Commuters being able to afford high rents in Whangārei by working in Auckland for a few days a week is driving up prices and means fewer rental properties are available in the Northland town.

Figures from Trade Me show the median rent in Northland dipped slightly— from $400 in May to $395 in June— but it was yet to peak.

In terms of yearly comparison, the median rent went up 4.9 per cent - from $380 to $395 - between June last year and the same month this year.

The Whangārei suburb of Morningside continues to be the most sought-after rental area, with one house for rent there attracting 56 inquiries in the first two days of June.


Second was a house in Gillingham Rd in Kamo with 52 inquiries and one in Korau Rd in Tikipunga was third with 38 inquiries over the same period.

Head of Trade Me Property, Nigel Jeffries, said the working class, particularly those living closer to central Auckland, were doing quite a trade off to save rent by looking further afield.

Much like people travelling to Auckland from Hamilton and those commuting by trains for more than an hour each day in Wellington, he said Northland appealed to those who could work a few days out of the region.

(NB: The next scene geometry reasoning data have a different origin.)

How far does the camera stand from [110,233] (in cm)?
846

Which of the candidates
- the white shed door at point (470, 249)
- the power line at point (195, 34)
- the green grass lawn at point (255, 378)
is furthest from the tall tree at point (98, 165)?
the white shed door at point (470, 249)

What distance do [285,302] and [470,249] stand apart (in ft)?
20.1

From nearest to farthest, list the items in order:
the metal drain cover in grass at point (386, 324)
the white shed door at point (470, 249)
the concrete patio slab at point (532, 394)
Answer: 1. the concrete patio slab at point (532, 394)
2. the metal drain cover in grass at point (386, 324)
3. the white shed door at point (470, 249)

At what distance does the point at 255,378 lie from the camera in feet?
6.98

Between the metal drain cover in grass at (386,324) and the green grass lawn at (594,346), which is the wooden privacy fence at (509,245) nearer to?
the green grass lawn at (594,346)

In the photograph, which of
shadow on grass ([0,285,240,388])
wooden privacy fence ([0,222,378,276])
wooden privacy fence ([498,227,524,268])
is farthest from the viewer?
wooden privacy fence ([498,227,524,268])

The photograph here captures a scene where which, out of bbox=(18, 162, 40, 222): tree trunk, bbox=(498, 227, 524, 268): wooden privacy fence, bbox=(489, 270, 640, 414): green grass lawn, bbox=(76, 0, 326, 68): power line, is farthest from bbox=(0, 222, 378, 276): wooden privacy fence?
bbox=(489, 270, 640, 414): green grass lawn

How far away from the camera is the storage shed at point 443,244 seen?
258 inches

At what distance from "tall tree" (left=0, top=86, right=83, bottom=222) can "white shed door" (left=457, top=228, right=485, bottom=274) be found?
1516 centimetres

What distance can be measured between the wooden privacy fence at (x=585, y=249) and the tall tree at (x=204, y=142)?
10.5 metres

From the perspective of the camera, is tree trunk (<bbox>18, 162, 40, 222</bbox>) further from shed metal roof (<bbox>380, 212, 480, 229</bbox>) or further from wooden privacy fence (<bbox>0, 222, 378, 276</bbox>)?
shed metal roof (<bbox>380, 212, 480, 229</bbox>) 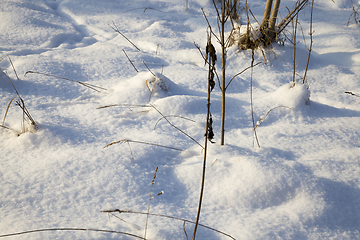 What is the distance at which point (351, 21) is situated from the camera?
2863 mm

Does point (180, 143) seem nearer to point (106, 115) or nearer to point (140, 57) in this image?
point (106, 115)

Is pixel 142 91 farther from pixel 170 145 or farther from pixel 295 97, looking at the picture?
pixel 295 97

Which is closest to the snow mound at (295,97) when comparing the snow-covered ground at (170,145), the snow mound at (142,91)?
the snow-covered ground at (170,145)

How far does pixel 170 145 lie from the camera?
1.19 meters

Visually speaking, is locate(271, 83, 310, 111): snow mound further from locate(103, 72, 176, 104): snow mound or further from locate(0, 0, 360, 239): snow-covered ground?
locate(103, 72, 176, 104): snow mound

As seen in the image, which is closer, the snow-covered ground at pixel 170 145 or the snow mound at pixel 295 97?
the snow-covered ground at pixel 170 145

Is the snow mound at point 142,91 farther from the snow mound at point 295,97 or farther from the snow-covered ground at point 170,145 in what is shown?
the snow mound at point 295,97

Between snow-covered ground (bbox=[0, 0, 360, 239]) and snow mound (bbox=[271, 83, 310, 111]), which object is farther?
snow mound (bbox=[271, 83, 310, 111])

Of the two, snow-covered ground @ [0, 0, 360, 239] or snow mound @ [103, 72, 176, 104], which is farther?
snow mound @ [103, 72, 176, 104]

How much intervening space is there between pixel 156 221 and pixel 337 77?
2036mm

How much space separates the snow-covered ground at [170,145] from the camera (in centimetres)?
82

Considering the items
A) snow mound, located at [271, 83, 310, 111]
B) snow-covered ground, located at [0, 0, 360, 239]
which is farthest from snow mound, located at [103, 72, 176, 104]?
snow mound, located at [271, 83, 310, 111]

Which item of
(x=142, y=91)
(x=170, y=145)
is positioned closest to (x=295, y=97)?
(x=170, y=145)

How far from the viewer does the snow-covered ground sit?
0.82 meters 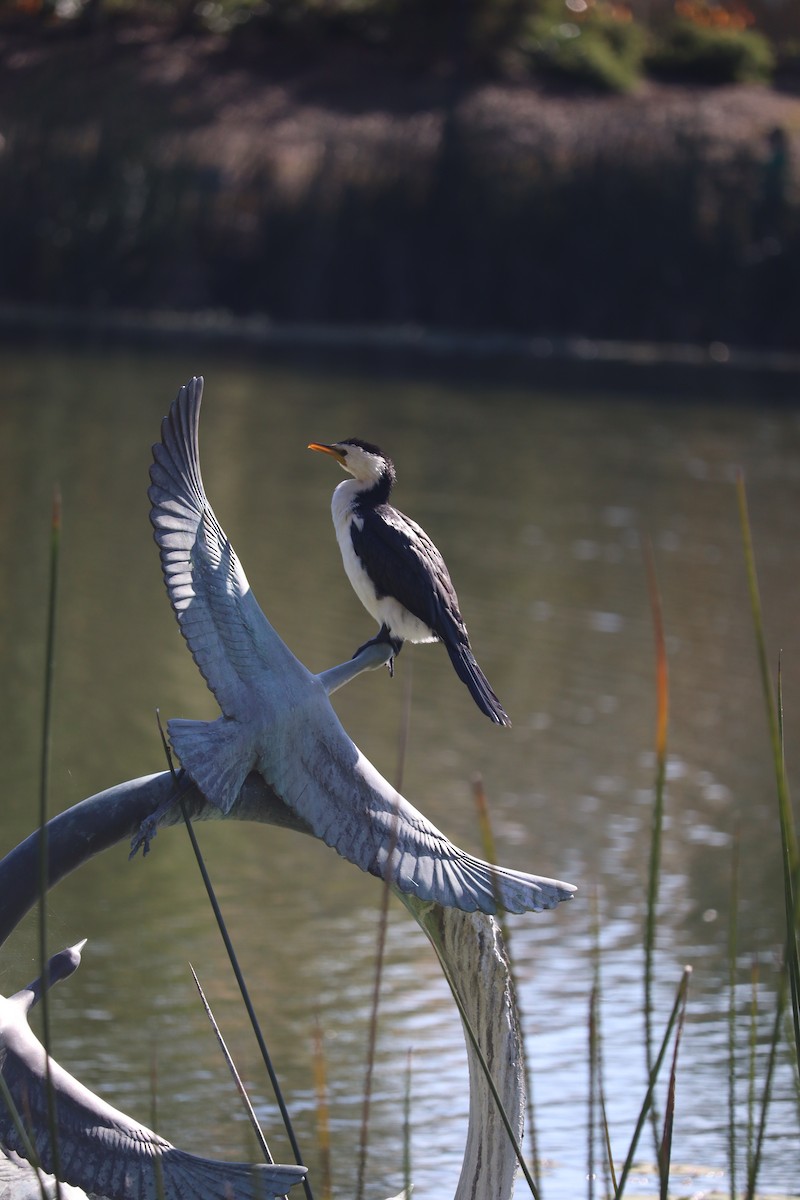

For those working on the North Shore it meant a commute could be about 90 minutes, less time than if they lived in West Auckland and with far less traffic to negotiate.

"Transport routes are getting better and rents are cheaper in Northland and they're getting paid Auckland wages and they pay Northland rents so it's quite a nice equation.

"People are working in Whangārei for two to three days and a similar number of days in Auckland. If they are getting company cars, then commuting to and from Auckland becomes easier and cheaper.

"That's certainly been a trend in the last couple of years as people escape high rents (in Auckland), although that arrangement works against locals who can't find suitable and affordable rental accommodation," he said.

In the last couple of years, he said demand for both rental properties and homes for sale in Northland continued to outstrip supply and that would continue to be the trend for some time.


He said new builds in Northland would not solve the rental problem as they would likely be occupied by home owners rather than rented out.

Jeffries said median rents dipped in some winter months but that was unlikely this year.

All districts in Northland experienced a fall in median rents between May and June except Kaipara that saw an increase from $400 to $430.

In the Far North, the median rent decreased from $370 to $360.

People staying longer in rental properties are further exacerbating the demand.

The median rent in Northland in January was $385, dropping slightly to $380 in February before rising to $400 in April and staying the same in May.